Pour une TPE de moins de 10 salariés, sans ERP, dans 80 % des cas, la facturation s’établit avec un logiciel de bureautique. Dans ce cadre-là, l’expert-comptable sera amené à former les employés de la TPE, à les accompagner. Comme pour la télé-procédure, il va souvent faire pour eux, parce qu’ils ne connaissent pas toujours les bons formats pour leurs propres clients et pour l’administration fiscale. Il existe dans cette transition un enjeu de modernisation de la gestion à faire assimiler. Les TPE brassent souvent de tout petits volumes, en moyenne 100 factures clients par an. 100 en émission, 200 en réception, les quantités ne justifient donc pas que les dirigeants s’équipent de logiciels spécialisés. Pour leurs experts-comptables, se dresse ainsi à l’horizon une intense période de pédagogie. Une TPE n’est pas obligée de passer par un expert-comptable, bien entendu.
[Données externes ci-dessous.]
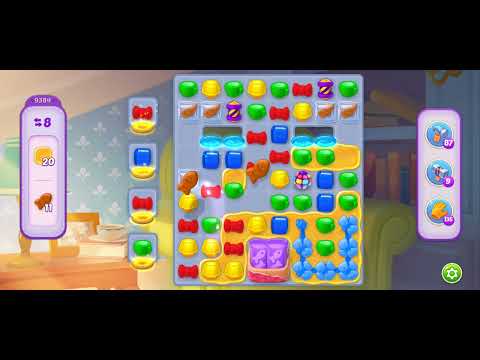 Homescapes level 9384 HD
Elle pourra utiliser la plateforme publique en ligne et ressaisir les informations ou transmettre les factures directement si elle dispose des outils nécessaires. Pour éviter la ressaisie, il lui faudra néanmoins se munir d’un logiciel adéquat ou passer par une plateforme partenaire payante. Cette dernière transmettra les factures aux clients et les informations obligatoires à l’administration.